So much for healthcare egalitarianism: the dreaded ‘tiered’ healthcare system lives on even in a socialized system! Some might respond to this phenomenon by calling for a government crackdown on these ‘corrupt’ practices. But I would say that there is nothing wrong with ‘queue jumping’, as long as it is done in the free-market manner. On a free-market for medical services, people would be able to ‘jump the queue’ (if such queues would even exist, which is unlikely) by paying the healthcare provider more for the privilege. This is better than the socialized form of queue jumping for two main reasons: 1. Because ability to pay more can be a decent proxy for the urgency of people to get the procedure done promptly, whereas having connections in the system demonstrates no such thing. 2. Because free-market queue jumpers must contribute more resources to the healthcare system for the privilege, whereas connected queue jumpers don’t necessarily contribute any more to the healthcare system than non-connected patients.
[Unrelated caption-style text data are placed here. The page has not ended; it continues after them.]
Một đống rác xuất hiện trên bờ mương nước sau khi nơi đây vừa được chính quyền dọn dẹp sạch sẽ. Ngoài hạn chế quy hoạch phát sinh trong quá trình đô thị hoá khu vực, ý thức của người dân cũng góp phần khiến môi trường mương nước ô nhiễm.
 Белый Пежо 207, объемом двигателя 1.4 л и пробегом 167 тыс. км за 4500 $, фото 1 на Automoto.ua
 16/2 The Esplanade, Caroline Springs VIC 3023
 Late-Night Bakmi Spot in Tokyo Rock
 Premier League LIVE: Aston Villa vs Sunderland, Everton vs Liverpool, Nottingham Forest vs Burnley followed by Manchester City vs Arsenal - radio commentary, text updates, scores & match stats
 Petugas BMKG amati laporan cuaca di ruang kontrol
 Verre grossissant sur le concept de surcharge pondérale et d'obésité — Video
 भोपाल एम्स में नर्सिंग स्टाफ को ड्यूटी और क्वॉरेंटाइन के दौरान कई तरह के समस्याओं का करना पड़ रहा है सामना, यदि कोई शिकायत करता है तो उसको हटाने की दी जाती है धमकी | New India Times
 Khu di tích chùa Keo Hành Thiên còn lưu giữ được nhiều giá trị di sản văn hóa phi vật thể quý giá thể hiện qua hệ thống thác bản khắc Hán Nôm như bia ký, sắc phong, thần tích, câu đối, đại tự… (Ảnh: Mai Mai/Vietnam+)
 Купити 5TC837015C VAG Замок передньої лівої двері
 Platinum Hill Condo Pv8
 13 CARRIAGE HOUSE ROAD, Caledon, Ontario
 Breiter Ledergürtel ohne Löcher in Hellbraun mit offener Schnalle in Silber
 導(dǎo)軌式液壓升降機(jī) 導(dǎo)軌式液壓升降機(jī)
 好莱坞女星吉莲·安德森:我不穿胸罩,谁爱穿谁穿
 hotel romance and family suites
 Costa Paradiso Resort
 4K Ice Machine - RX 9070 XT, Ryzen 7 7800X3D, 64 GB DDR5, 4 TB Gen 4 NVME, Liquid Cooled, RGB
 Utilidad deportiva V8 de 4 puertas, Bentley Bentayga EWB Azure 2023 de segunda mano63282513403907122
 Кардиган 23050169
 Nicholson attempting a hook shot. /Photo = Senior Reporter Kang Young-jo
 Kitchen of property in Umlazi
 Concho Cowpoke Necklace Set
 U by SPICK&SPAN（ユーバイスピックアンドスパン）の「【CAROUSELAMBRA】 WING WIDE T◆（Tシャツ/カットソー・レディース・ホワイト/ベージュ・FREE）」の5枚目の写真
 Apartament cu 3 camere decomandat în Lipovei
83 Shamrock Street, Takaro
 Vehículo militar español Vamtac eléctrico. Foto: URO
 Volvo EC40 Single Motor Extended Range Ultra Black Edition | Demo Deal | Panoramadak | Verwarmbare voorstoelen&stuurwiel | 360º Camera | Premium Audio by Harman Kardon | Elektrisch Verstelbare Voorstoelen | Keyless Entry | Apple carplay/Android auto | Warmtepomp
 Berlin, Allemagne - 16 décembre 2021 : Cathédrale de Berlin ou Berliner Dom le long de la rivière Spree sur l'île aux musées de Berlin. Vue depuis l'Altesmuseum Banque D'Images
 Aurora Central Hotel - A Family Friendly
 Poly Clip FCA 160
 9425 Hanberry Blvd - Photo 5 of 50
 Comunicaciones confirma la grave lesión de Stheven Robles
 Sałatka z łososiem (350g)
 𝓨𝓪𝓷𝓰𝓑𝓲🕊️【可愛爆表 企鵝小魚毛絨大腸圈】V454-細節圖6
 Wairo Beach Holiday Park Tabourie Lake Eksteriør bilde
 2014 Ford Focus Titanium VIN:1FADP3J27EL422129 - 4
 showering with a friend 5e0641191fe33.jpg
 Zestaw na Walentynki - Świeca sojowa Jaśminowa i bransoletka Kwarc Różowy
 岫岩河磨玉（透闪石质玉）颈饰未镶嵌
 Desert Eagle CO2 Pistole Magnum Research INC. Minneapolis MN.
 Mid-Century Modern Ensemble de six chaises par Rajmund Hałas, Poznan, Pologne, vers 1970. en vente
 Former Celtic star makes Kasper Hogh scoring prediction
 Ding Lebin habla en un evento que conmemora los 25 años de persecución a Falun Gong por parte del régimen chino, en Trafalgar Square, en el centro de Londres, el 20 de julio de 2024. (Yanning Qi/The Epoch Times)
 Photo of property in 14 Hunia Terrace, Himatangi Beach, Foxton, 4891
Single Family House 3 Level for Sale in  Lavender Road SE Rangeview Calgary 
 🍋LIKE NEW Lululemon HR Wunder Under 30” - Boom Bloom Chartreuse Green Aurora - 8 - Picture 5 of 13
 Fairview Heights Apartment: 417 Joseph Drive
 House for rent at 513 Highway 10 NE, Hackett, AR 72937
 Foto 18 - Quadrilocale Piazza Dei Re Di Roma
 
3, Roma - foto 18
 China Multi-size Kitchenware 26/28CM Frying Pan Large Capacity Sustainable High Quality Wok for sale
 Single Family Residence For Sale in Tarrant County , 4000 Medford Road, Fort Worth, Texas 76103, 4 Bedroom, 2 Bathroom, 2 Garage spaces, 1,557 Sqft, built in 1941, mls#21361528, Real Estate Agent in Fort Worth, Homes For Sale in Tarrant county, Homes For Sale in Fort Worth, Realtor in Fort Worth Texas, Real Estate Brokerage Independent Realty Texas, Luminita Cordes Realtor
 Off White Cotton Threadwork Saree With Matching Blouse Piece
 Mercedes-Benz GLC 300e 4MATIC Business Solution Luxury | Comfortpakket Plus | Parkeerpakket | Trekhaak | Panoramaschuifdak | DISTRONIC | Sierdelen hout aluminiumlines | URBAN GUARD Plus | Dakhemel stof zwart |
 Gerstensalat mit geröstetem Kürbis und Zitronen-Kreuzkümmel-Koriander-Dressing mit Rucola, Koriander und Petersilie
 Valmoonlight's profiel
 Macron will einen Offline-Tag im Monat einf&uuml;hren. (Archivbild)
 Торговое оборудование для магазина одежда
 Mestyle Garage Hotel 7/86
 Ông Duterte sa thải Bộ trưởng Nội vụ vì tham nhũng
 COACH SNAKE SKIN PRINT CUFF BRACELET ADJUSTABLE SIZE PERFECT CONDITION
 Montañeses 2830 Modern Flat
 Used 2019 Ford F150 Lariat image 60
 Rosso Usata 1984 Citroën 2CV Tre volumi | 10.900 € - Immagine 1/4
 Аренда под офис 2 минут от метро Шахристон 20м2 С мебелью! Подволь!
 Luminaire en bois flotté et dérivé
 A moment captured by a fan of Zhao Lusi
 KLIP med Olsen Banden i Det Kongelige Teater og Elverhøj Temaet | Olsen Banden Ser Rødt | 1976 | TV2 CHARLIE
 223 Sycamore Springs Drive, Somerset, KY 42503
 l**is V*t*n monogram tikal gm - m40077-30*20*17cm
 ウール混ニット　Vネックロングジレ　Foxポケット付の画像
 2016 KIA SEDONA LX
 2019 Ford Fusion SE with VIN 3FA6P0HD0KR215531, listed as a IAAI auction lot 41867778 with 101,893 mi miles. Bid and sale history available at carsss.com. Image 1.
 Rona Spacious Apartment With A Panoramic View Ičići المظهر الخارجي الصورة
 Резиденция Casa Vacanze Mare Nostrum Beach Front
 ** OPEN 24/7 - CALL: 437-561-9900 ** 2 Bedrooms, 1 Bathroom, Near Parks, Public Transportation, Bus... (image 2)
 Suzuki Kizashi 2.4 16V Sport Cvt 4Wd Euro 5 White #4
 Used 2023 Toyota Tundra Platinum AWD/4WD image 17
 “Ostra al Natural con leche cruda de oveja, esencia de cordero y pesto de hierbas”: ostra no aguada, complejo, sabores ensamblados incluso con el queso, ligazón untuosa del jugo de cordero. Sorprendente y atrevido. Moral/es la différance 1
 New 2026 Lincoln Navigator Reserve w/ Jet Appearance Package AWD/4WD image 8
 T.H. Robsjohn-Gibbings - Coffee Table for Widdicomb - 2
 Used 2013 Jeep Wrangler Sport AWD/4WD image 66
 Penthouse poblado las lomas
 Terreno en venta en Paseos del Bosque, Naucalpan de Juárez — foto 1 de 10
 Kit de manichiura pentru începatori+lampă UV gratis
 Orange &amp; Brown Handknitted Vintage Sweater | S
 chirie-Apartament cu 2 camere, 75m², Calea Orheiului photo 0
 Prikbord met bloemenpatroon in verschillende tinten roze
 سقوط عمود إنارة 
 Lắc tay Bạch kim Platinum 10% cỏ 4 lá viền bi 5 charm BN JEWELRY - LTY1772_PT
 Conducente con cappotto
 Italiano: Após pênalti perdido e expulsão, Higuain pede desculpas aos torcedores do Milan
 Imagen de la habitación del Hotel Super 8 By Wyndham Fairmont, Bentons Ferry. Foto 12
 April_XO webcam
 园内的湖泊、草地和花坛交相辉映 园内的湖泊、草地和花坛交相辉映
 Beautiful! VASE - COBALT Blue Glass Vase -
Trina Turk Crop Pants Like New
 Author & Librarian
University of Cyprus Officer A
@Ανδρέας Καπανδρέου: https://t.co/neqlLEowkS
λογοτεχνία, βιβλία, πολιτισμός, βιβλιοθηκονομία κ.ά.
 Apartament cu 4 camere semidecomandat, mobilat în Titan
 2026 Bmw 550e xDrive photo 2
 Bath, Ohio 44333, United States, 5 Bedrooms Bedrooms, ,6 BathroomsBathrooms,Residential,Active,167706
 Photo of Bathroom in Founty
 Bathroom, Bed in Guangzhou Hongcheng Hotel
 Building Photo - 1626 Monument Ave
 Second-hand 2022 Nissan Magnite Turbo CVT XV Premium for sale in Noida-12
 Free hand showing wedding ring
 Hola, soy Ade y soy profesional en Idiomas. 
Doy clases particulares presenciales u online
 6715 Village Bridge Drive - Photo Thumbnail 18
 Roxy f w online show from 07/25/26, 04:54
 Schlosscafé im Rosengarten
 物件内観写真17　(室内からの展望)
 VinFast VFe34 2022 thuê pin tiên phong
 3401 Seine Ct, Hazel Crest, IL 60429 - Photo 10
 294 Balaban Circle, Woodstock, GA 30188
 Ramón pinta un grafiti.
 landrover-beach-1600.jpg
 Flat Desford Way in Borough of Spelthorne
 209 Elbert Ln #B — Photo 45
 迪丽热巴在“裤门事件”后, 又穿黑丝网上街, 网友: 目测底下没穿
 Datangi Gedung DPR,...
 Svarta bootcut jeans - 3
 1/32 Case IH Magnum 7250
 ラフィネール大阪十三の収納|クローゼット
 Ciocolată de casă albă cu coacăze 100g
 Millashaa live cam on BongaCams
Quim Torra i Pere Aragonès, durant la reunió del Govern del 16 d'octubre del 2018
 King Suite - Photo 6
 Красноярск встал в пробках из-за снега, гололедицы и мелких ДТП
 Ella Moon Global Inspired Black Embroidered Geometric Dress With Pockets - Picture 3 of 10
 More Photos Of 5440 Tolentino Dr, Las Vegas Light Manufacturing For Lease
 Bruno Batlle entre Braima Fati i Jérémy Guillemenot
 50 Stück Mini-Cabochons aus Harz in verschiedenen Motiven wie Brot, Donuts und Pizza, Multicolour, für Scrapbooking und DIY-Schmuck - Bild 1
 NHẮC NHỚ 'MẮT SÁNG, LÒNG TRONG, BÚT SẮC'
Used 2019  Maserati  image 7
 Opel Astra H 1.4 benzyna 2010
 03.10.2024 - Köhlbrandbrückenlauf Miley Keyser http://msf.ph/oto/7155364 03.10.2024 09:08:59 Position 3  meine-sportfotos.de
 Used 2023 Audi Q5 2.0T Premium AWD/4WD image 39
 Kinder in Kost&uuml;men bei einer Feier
3. Abysmal Customer Service

The government pays the bills and there are giant waiting lists for everything. Is there any wonder that customer service in the Canadian healthcare system is so poor? Don’t like your curt doctor or their rude receptionist? Doesn’t matter! You’re not the one paying the bills, and if you don’t want the service, there are hordes of people always waiting to replace you. Most free-market businesses must woo you for your patronage and for every dollar that you spend. If they don’t, you can take your business to one of many competitors. Hence most free-market businesses must compete on customer service. In socialized healthcare systems, this is reversed. Here, it is service providers that are in short supply, whereas consumers are plentiful. There is not much need to compete at all, let alone on something like customer service.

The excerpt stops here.